Некоторые из наших гостей вернулись в Прагу. Вера не чувствовала себя счастливой в Париже. Она скучала по своим родителям, по своему миру, по родному языку. В Праге перед ней открывалась прекрасная карьера актрисы и певицы в Театре «Семафор». Она боялась, что в эмиграции она превратится в пьющую домохозяйку. К тому же романтическая стадия нашего брака уже миновала, и несколько месяцев она просто страдала. Наконец как-то вечером она заявила мне, что больше не может жить за границей. Она решила вернуться. Я сказал ей, что я тоже вернусь — в Америку, к моим фильмам.
Мы попрощались. В какой-то степени я даже радовался, что смогу пересечь Атлантику налегке. Я был разорен, у меня в руках оставался лишь сомнительный контракт. Я не мог дать семье достаточно стабильное положение. У меня не было ничего, кроме твердого намерения покорить Голливуд. Все остальное — детали.
Я полетел в Нью-Йорк с Иваном, который твердо решил эмигрировать.

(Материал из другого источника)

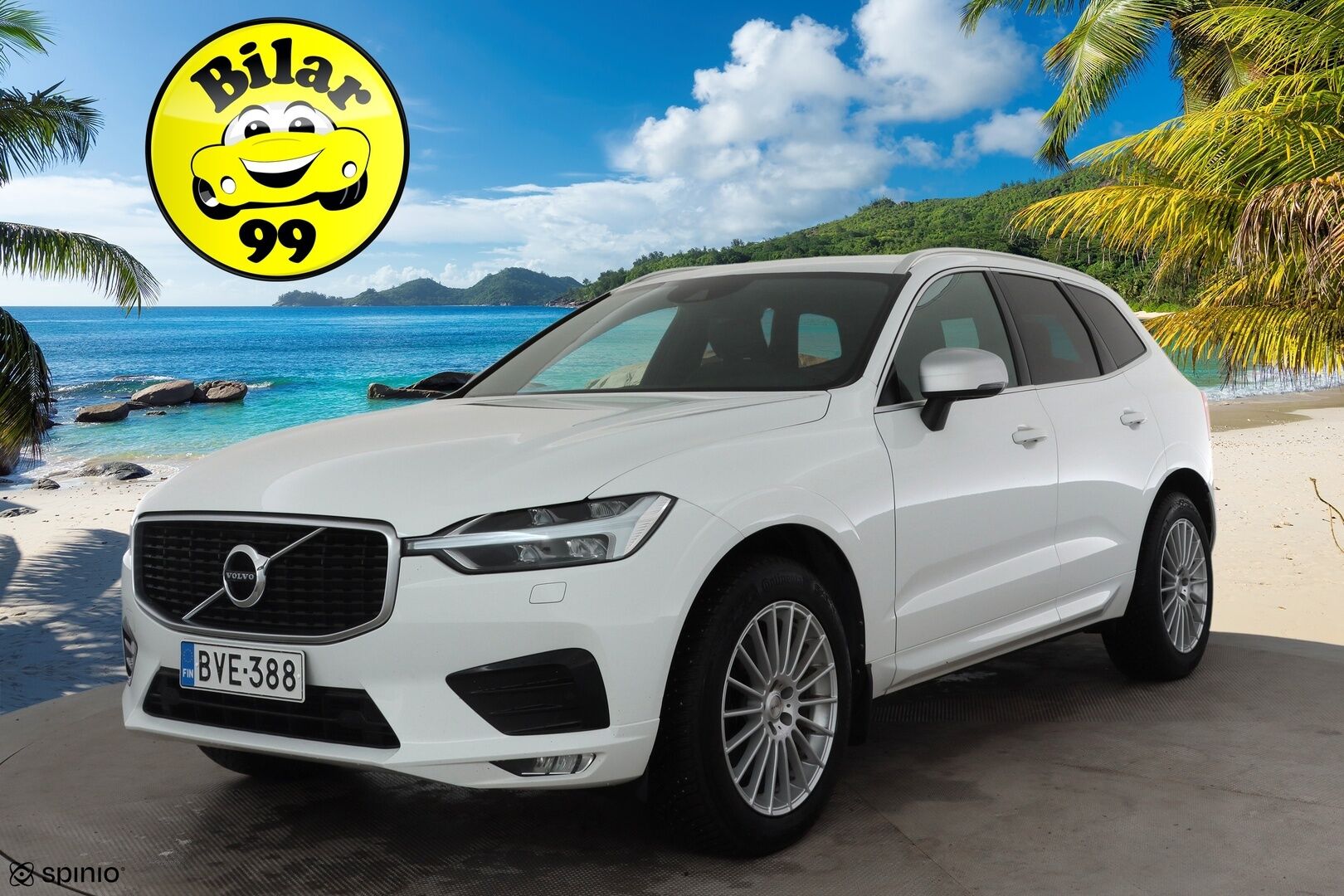 Volvo XC60 2019 D5 AWD R-Design aut * Webasto / Adapt.Vakkari / Koukku / Full LED / Muistipenkki / Nahka-Alcantara / BLIS / Sensus Navi - Suomi-auto / Kahdet renkaat aluvanteilla / Merkkihuollettu - HULLUT JOULUT KORKOTARJOUS 2,49%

Я еще не сжег мосты, связывавшие меня с Чехословакией, потому что официальный контракт, заключенный «Фильмэкспортом» и «Парамаунтом», все еще оставался в силе. Я въехал в страну по чешскому паспорту, с визой, дававшей мне право на работу в Америке.
Иржи Восковец, который когда-то написал вместе с Яном Верихом «Балладу в лохмотьях», а с тех пор поменял имя на Джордж Восковец и стал актером в Нью-Йорке, где жил уже двадцать лет, нашел для нас чудесный дешевый домик. Мы сняли его. Он стоял среди таких же домов из темного камня недалеко от Лерой-стрит в Виллидже. Чтобы подойти к нему, нужно было пройти через узкий проход между двумя домами. Мы назвали этот короткий туннель нашей «мышиной норой», он вел в маленький садик, где росло несколько тенистых деревьев.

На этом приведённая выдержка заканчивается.